Rift CV1 - When not worn for around 18 seconds, position tracking is disabled. Rotation tracking continues, but is purely IMU based (instead of the cameras) so the yaw can drift over time.
Rift-S - When not worn for around 18 seconds, position tracking, rotation tracking and vibration is disabled. Buttons, triggers and thumbsticks keep working.
Quest 1/2 Link - When not worn for around 16 seconds, everything stops. No tracking, buttons, etc. The controllers are completely shut down.
You can trick the headset into running by placing something (like a cloth) over the face sensor (just above the lenses, in the middle). But be warned, when it is triggered, all controls will be picked up by the Home app. You may be accidentally clicking on things (like the store!). I have plans to fix this, but it means adding rendering to AOT.
Function Reference
InitOculus()
- Initialise Auto Oculus Touch, start the Oculus runtime.
InitvJoy(device)
- Start the vJoy input feeder. Device is the number of the vJoy virtual gamepad.

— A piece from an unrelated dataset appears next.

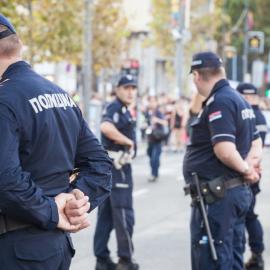 Σέρβοι αστυνομικοί δρόμος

The first gamepad is 1. Only a single vJoy controller can be used by an AOT script, but you can have multiple scripts runnings at once, each using a different vJoy controller.
Poll()
- Update the tracking state and all inputs. Poll() should be called regularly (such as 90+ times a second), otherwise all inputs stop updating.
Wearing()
- Check if the headset is being worn (face sensor).
- Returns: 0 if not worn, 1 if worn.
IsDown(button), IsPressed(button), IsReleased(button)
- Check if a button is active. Down means held down, Pressed means changed from up to down since the last Poll(), Released means changed from down to up since the last Poll().
- button: one of the button enums from auto_oculus_touch.ahk, such as ovrA.
- Returns: 1 if pressed/released/down, otherwise 0.
IsTouchDown(button), IsTouchPressed(button), IsTouchReleased(button)
- Check if a capacitive touch sensor is active. Down means held down, Pressed means changed from up to down since the last Poll(), Released means changed from down to up since the last Poll().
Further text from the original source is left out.